Bonjour,
géologue, étudiant en Belgique à l'époque, j'ai effectué mon premier stage pratique en levé de galerie en mine à Enguiales en 1969. J'étais encadré par Arnold Bonne de l'Université de Louvain qui a effectué une thèse en minéralogie sur ce gisement.
A l'époque, la mine appartenant à la Société Minière et Métallurgique du Chatelet fonctionnait avec une quarantaine d'ouvriers, en majorité marocains qui avaient été recrutés à l'ancienne mine de Oujda.
L'abattage se faisait au marteau piqueur et tirs après jumbo de foration en suivant les filons. Le gisement comportait des filons mâles (perpendiculaires à la schistosité des micaschistes ) et des filons femelles (parallèles). Les filons mâles étaient en général plus épais et donc ils étaient exploités en priorité ce qui ne veut pas dire que les autres étaient stériles!
Le minerai de quartz était chargé avec une pelleteuse pneumatique dans les wagonnets poussés à la main vers l'extérieur. A la sortie au jour, un premier tri visuel par deux ouvriers, était effectué. Ils balançaient dans le ravin les morceaux de quartz blanc , a priori stériles pour économiser le broyage...En fait, le soir, c'est en cassant ces blocs dans le ravin que j'ai trouvé mes plus beaux échantillons de wolframite!

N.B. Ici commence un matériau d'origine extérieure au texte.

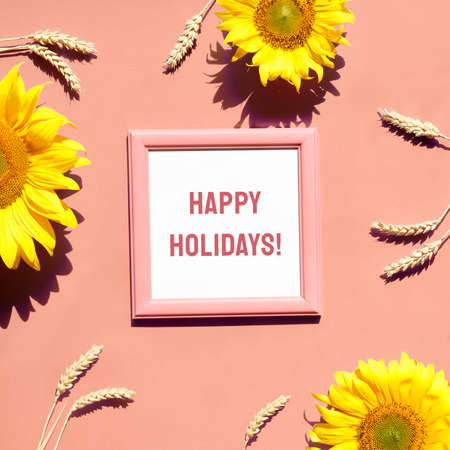 Text Happy Holidays in square frame. Flat lay with natural sunflowers, wheat ears. Sunlight, long shadows. Square composition with Autumn decorations on peach paper.の写真素材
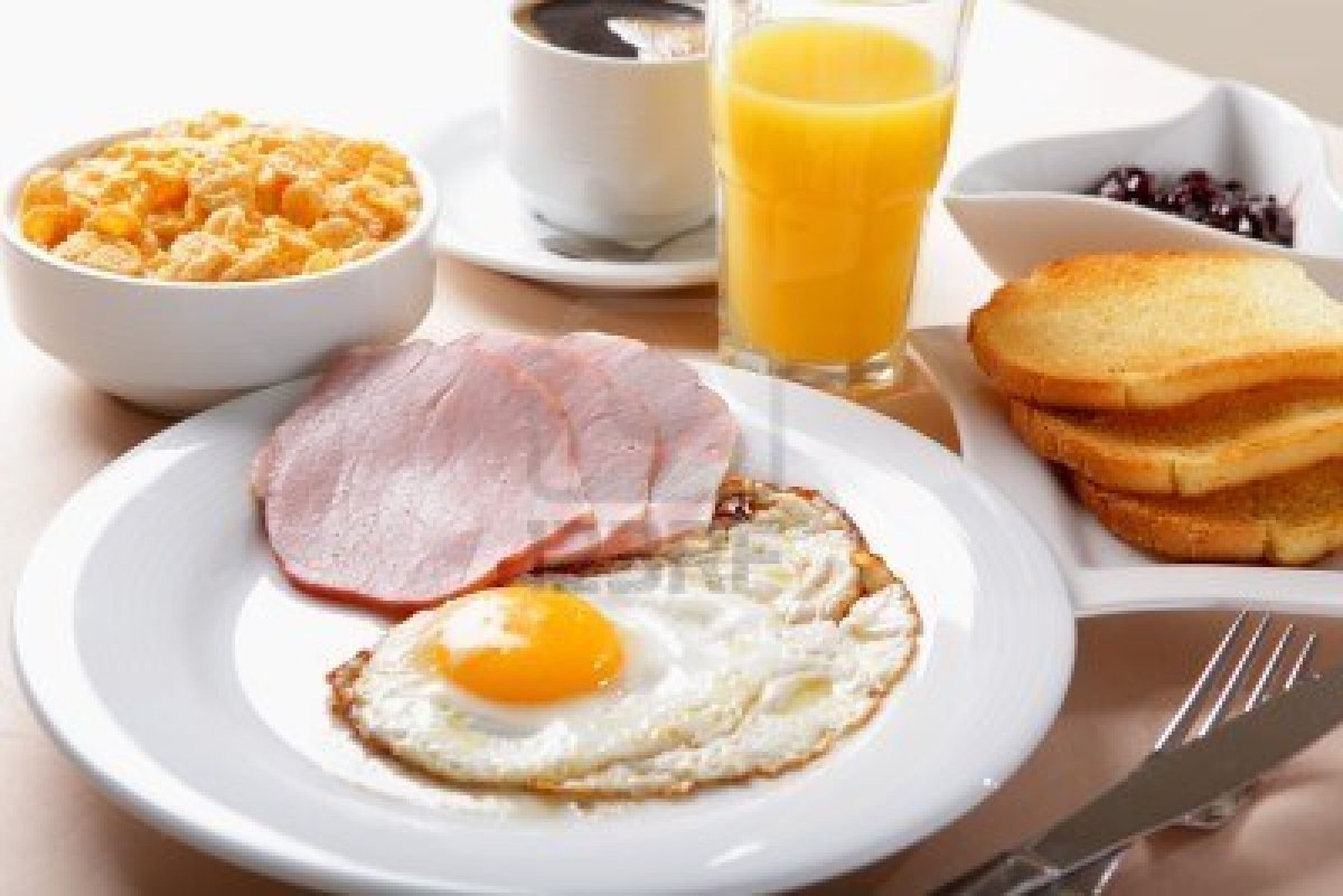 Un plato de desayuno con jamón, un huevo, tostadas y un vaso de jugo de naranja.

Ensuite les wagonnets étaient basculés sur une trémie qui alimentait le concasseur primaire suivi d'un broyeur à barres et à boulets. En sortie, une farine inférieure à 1mm qui était déversée dans une colonne verticale. A la base un ventilateur chassait les particules de quartz plus légère et la wolframite plus dense était concentrée dans un tiroir métallique. Il faut imaginer la poussière autour du séparateur!
La SMMC était une petite société économisant sur tout. Beaucoup de machines avaient été récupérées sur d'anciennes mines et les pannes étaient nombreuses. Vu la poussière fine dégagée par ce traitement et les risques de silicose, l'inspection des mines a fait arrêter l'usine de traitement en imposant un traitement par voie humide. La SMMC a donc remplacé les séparateurs à air par des jigs et tables à secousses beaucoup moins polluantes. Mais quelques années près, le cours du tungstène s'est effondré et la mine s'est arrêtée, laissant pratiquement la moitié des réserves intactes.
J ai du conserver un plan des galeries réalisé à cette époque. J'ai aussi une collection d'échantillons assez complète. J'ai connu également un ancien géologue de la Mine P. Sonendrucker du BRGM qui , pour la première fois ( vers 1960) avait fait une campagne de géochimie en surface pour vérifier l'existence d'extension de la minéralisation, notamment vers l'ouest (Ruisseau des logues). J'avais également observé l'abondance d'arsénopyrite aux extrémités de certains filons. L'apatite (verdâtre en aiguille), la tourmaline vert foncé et la muscovite étaient abondantes dans des poches de greisen.